▸ **What to do**: Give a verbatim copy of the lines below, minus the pictures.

▸ **Recorded information**:
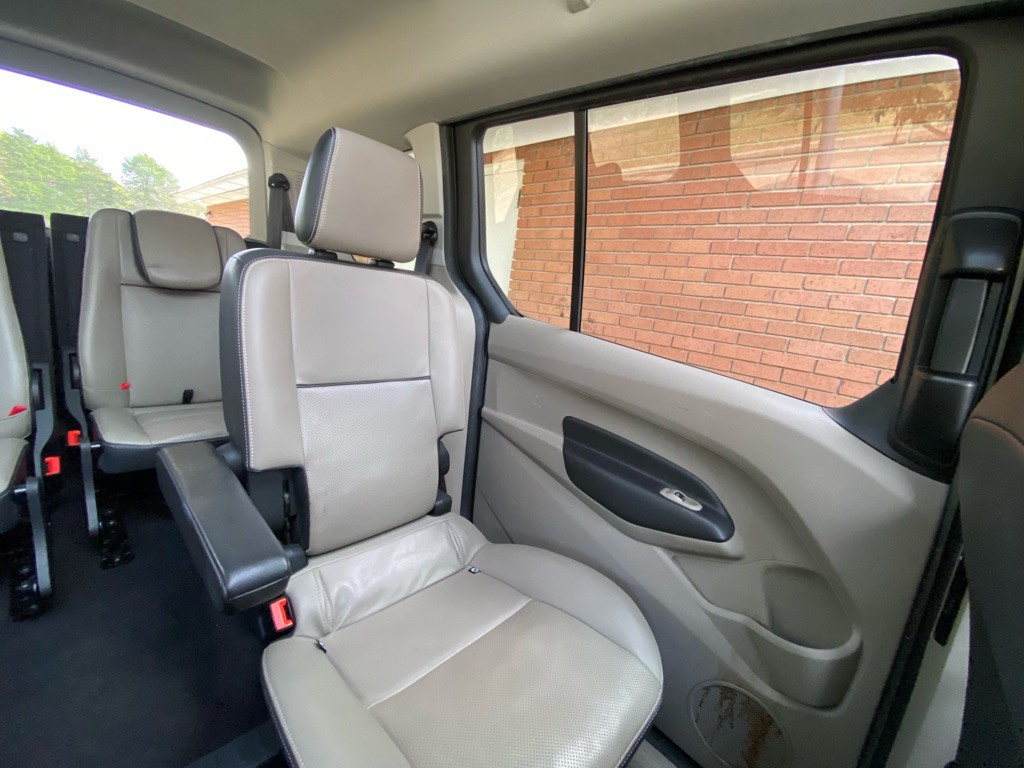 2016 Ford Transit Connect Image 16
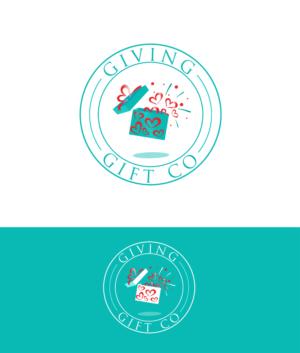 Logo Design by Ana Gocheva for this project | Design: #25106768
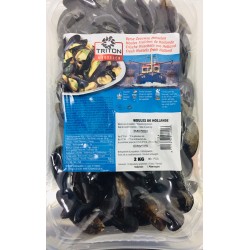 Moules hollande 70/90 - 1,4...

▸ **Response area**:
 2016 Ford Transit Connect Image 16
 Logo Design by Ana Gocheva for this project | Design: #25106768
 Moules hollande 70/90 - 1,4...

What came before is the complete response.